Mellow Mummy: Why Music Matters for Babies : Taking life as it comes...

Monday, 20 September 2010

Why Music Matters for Babies

Having seen the effect it has had on my own daughter, I strongly believe that getting your children involved with music at an early age is a great way of encouraging creativity and improving social and language skills. Recent research carried out by Sony Music reveals the importance parents place on singing songs and listening to music with their children. 40% of parents believe that music improves their children’s senses and 35% think it helps form a bond between them and their child. 

Lara is a musical soul, which is weird, as there is barely a musical bone in my body, or that of Mr. B. I can honestly say that music is one of Lara's favourite things. She likes to play music, to listen to music and to dance to music. I put this down to the fact that I started taking Lara to music lessons when she was just 8 weeks old!

During my maternity leave I took Lara to a weekly 'Music with Mummy' lesson. It lasted just 30 minutes and my exhausted little girl would leave beaming from ear to ear. From the point when she was just learning to exercise her grip, Lara would play with a rattle or drum while we sang along to nursery rhymes or songs and encouraged the babies to get involved. As the weeks passed, I saw Lara grow in confidence around the other children and become more actively involved in the music-making.
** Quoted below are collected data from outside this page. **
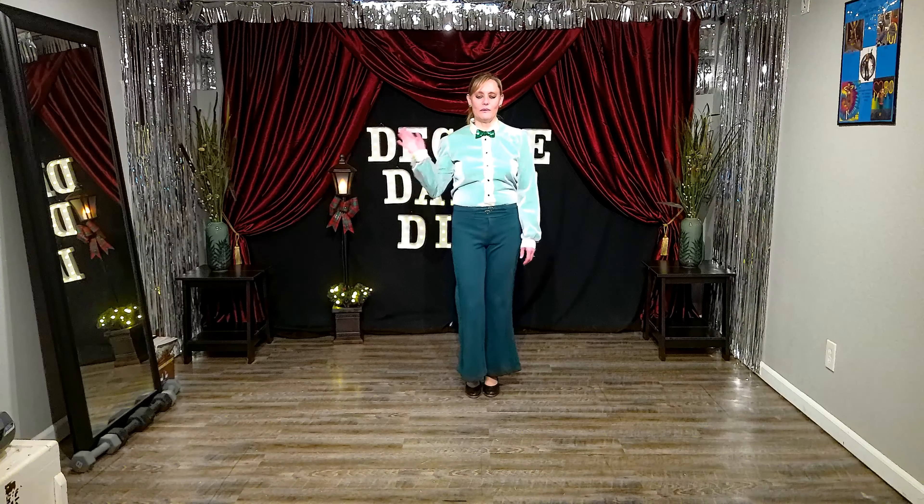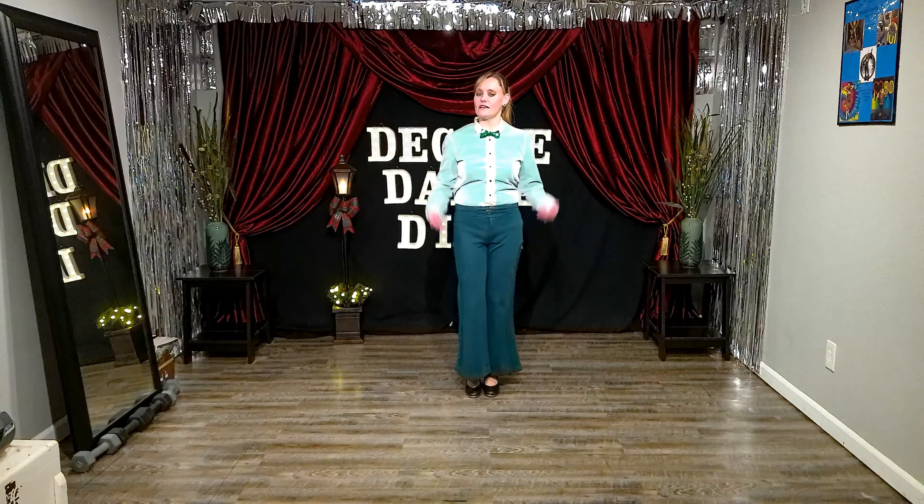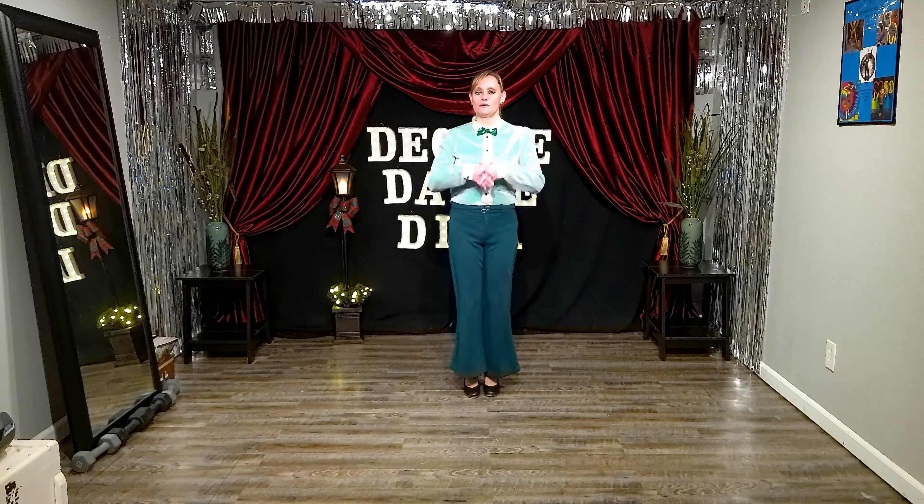Hello, hello, hello, people, and welcome back to Decade Dance. I'm the Decade Dance Diva Gala Pullens, and today we are still doing The Wizard of Oz.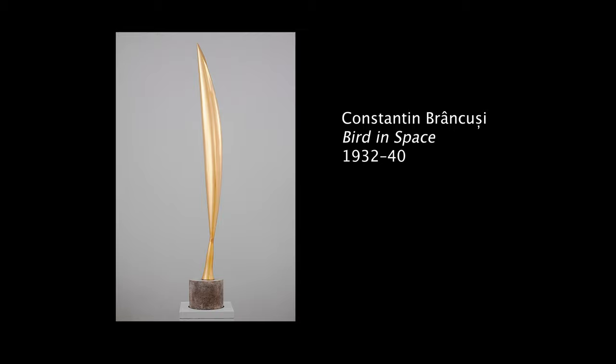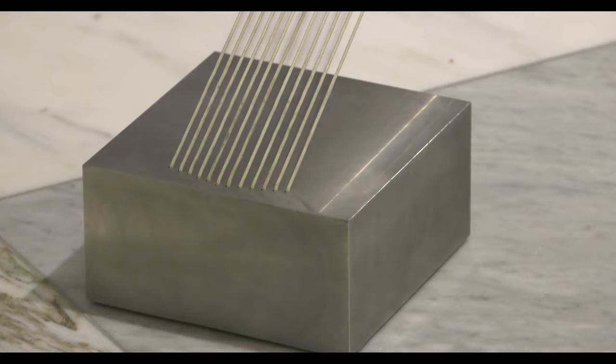I wanted to have the bird flying in space and taking up a lot of space. But then there are these two heavy blocks that sort of hold the sculpture itself to the earth, and they are what gives it the tension.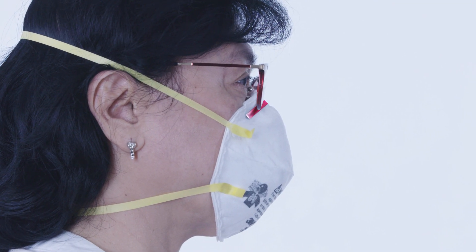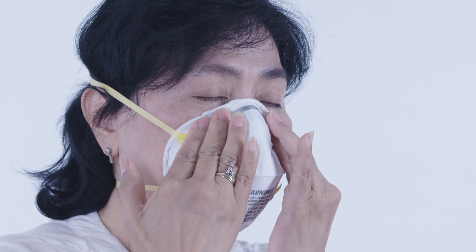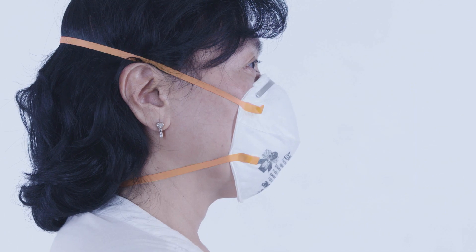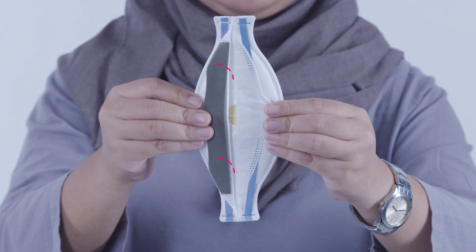Make sure your choice of face mask fits well to your face. Some masks come in different sizes. A good face mask may have a flexible metal nose clip, adjustable or elastic straps, and may also have foam around the edges to help with the seal to your face.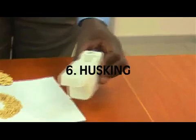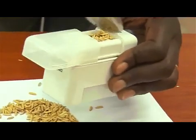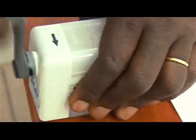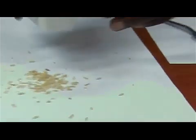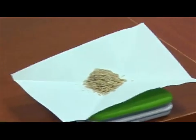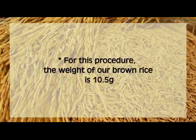Husking. Using the test Huska, remove brown rice from the clean paddy sample. Fill the Huska with paddy and turn the lever in the direction of the arrow. Gently shake the Huska to remove brown rice. Repeat the process until you have exhausted the clean paddy sample. Weigh the resulting brown rice and record your results. For this procedure, the weight of our brown rice is 10.5 grams.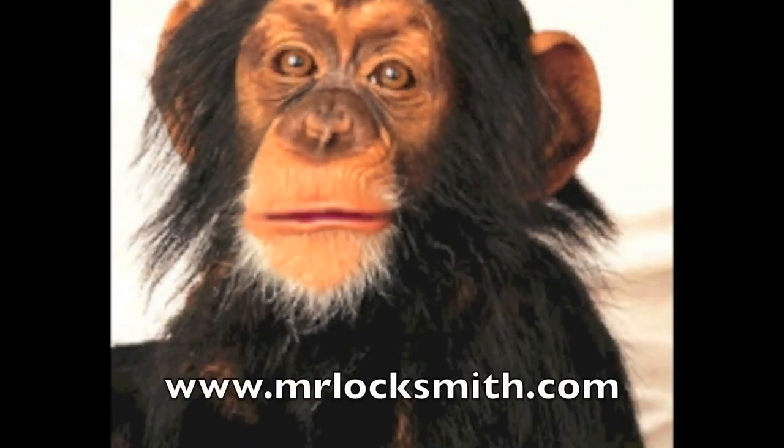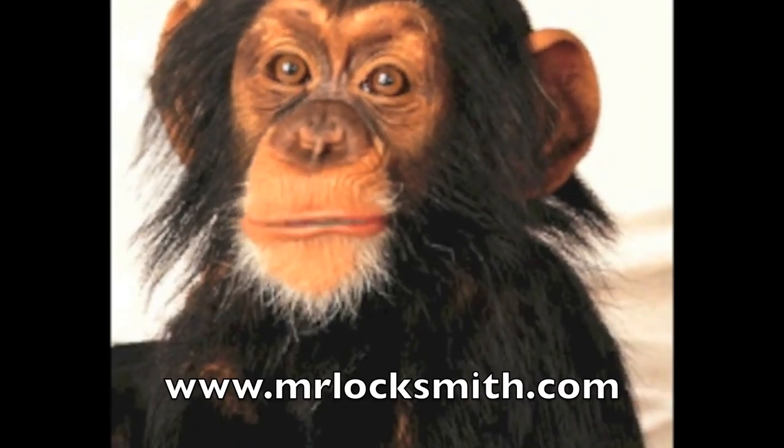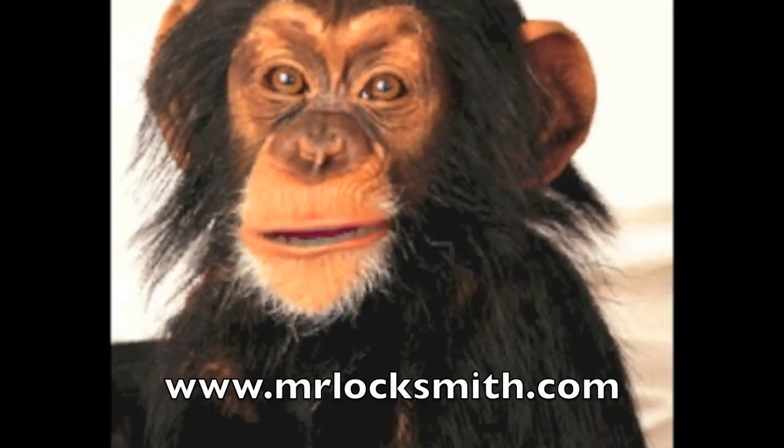If you want to learn how to pick open locks, re-key locks, fix and repair locks, and become a locksmith, enroll now in the five-day hands-on Locksmith course. For further information, visit MrLocksmith.com.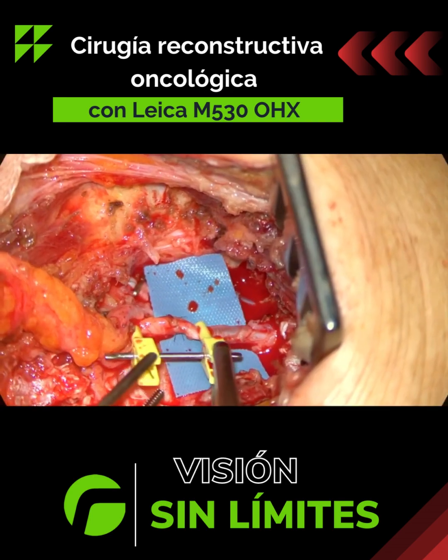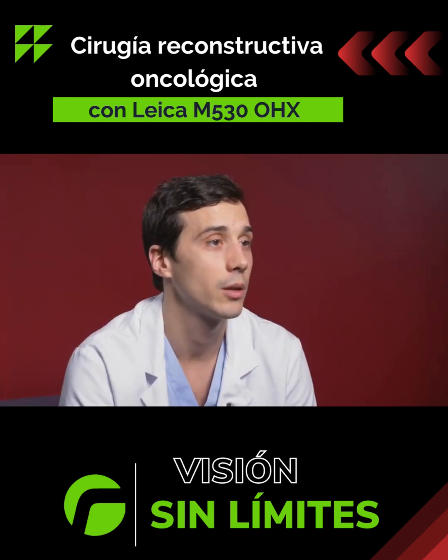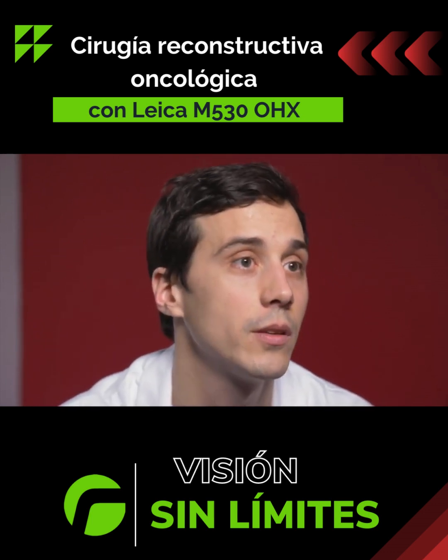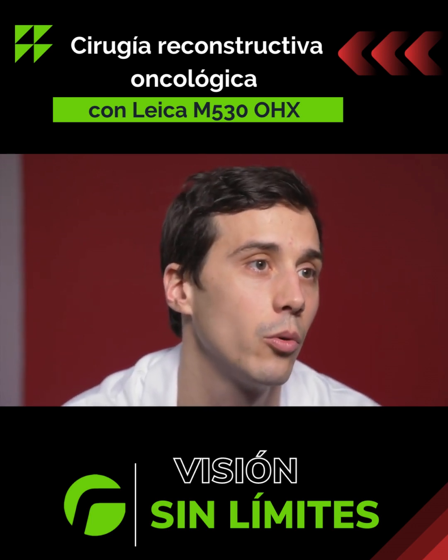The focal length helps me, whatever the distance and height of the table, adapt accordingly and obtain a clear image. Whereas when you have glasses, you have to adapt the whole table or stoop, which can be painful for the surgeon, especially when the operation lasts a long time.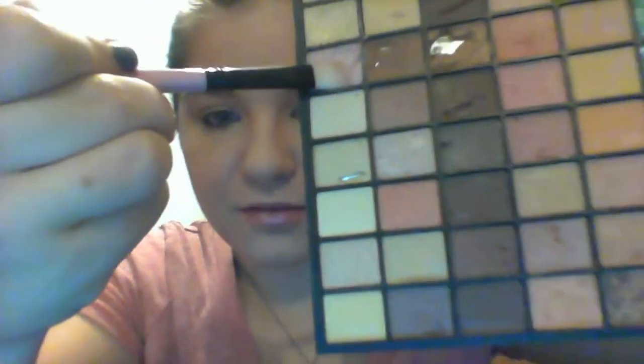Hi guys, so today I'm going to do an eye tutorial. We're going to use this color from my e.l.f. palette — it's very light — and we're just going to go through with the angled brush right here and go right over our eyes.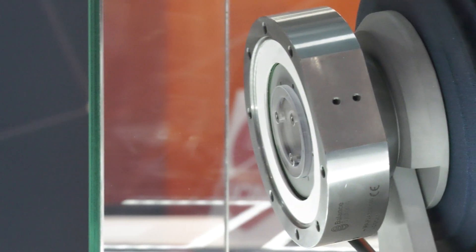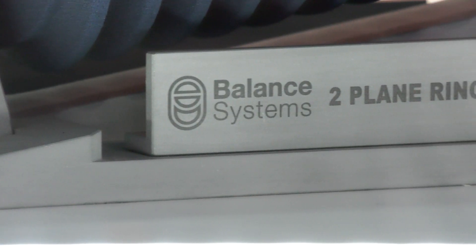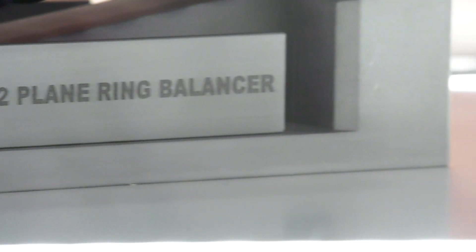The new system gives the same precision as the traditional method, but the big advantage is that it is much faster to reach the balancing condition. It is deterministic — meaning it does not use a trial-and-error method. The system knows exactly where it needs to go and moves straight there, speeding up the process.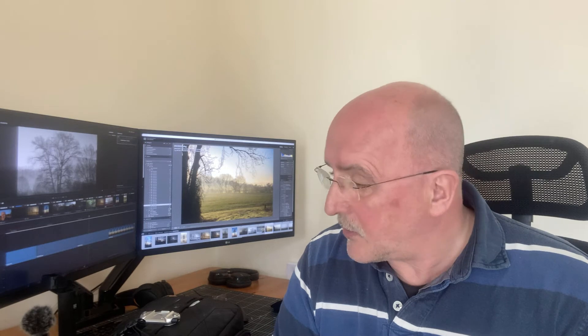Good morning, welcome back to the channel. This video is about gear. I've changed my gear quite a bit recently. Those of you following the channel will know I've been using the Sony A7R4, and prior to that the A7R3 and A7R2. I've recently upgraded to the Sony A1, which is a strange thing for someone primarily doing landscape photography to do, but I'll explain why.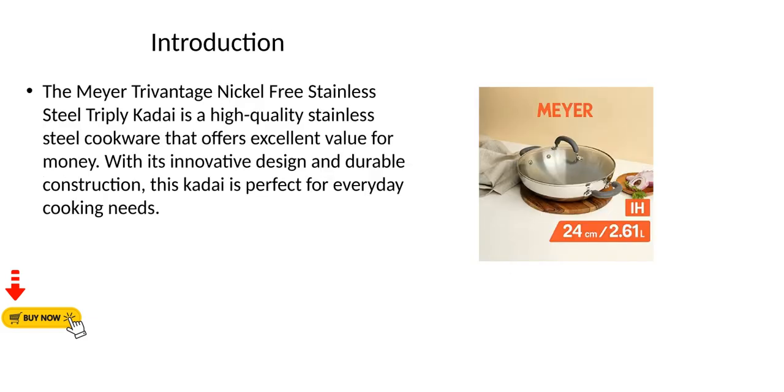The Meyer TriVantage Nickel-Free Stainless Steel Triply Kadai is a high-quality stainless steel cookware that offers excellent value for money. With its innovative design and durable construction, this kadai is perfect for everyday cooking needs.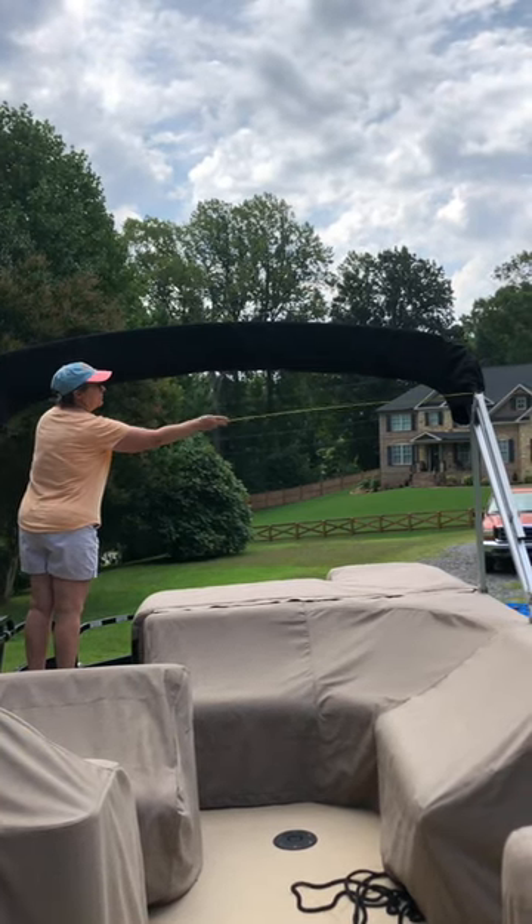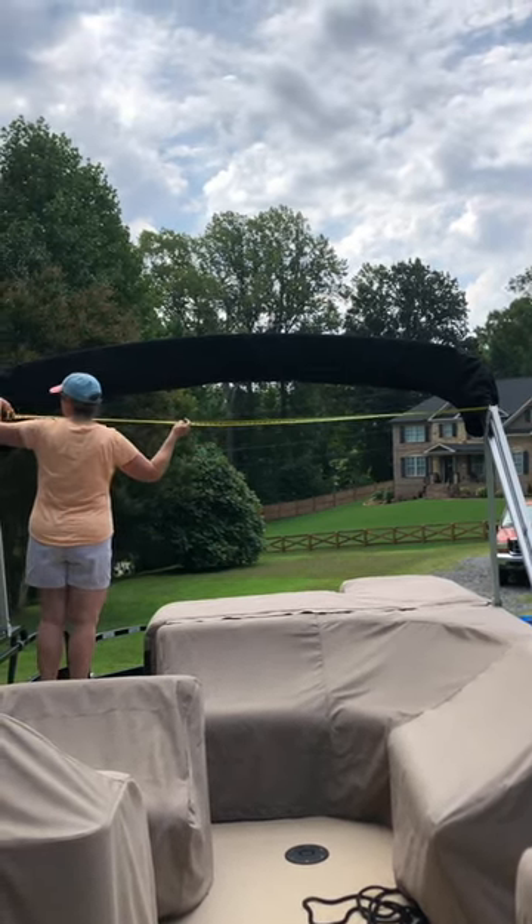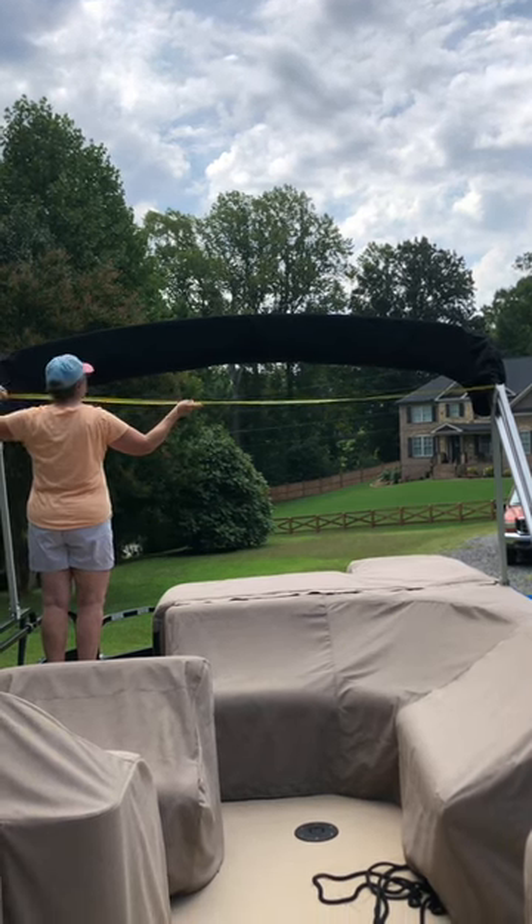Step one to measuring a bimini boot: go from the outside edge of the frame to the outside edge of the other side of the frame, below the radius.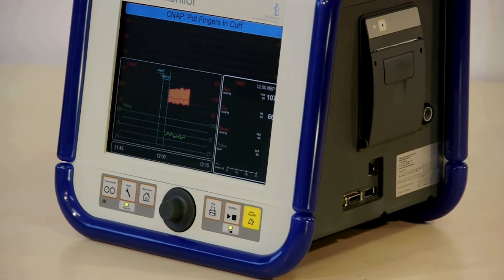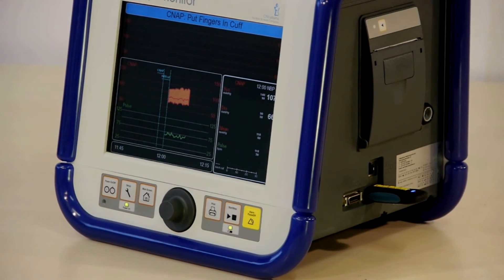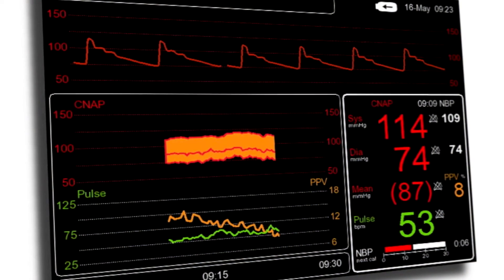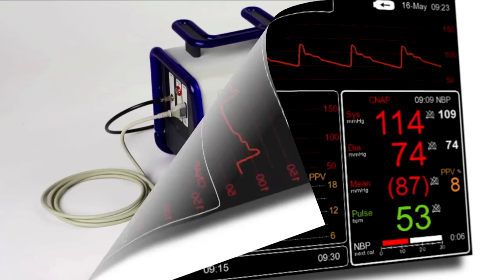To interface CNAP with other data acquisition systems, use the auxiliary analog output. An analog signal of the blood pressure tracing is available with ranges from 0 to 5 volts or plus or minus 5 volts. To download measured beat data and blood pressure tracings digitally, you can simply connect a USB storage device to the CNAP.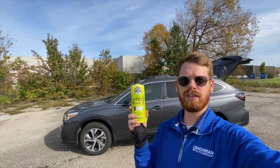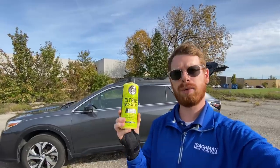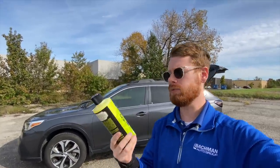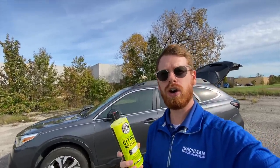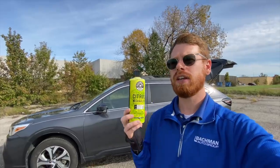Bringing it back to car items — this car shampoo. You don't have to get this specific one, but I've used Chemical Guys products for years and really liked them. This one in particular smells really good. They have a ton of different scents and a ton of interior and exterior products for your car, so check them out if you want to clean your car and give it that extra pop.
When I returned to work at 7 months, I had the difficult choice of which of Lara's lessons we would continue on my single day off each week. I chose the swimming lessons because I felt that I could buy some CDs and fashion some instruments of my own and continue with Lara's musical entertainment at home.

Creating your own musical instruments is a great way of bonding with your baby. Some of Lara's favourites included a tin of lentils (yes, the lid did fly off and send lentils everywhere!), a plastic pot filled with pasta and rice and, the all-time favourite - a saucepan with a wooden spoon. Lara was recently sent a few musical instruments. I have caught her on many occasions shaking her bells and her maracas to the rhythm of a song playing on TV while dancing on the spot! At 15 months old she has also already worked out that to make the recorder play a note, she has to blow through it and not just say “ooh” into it.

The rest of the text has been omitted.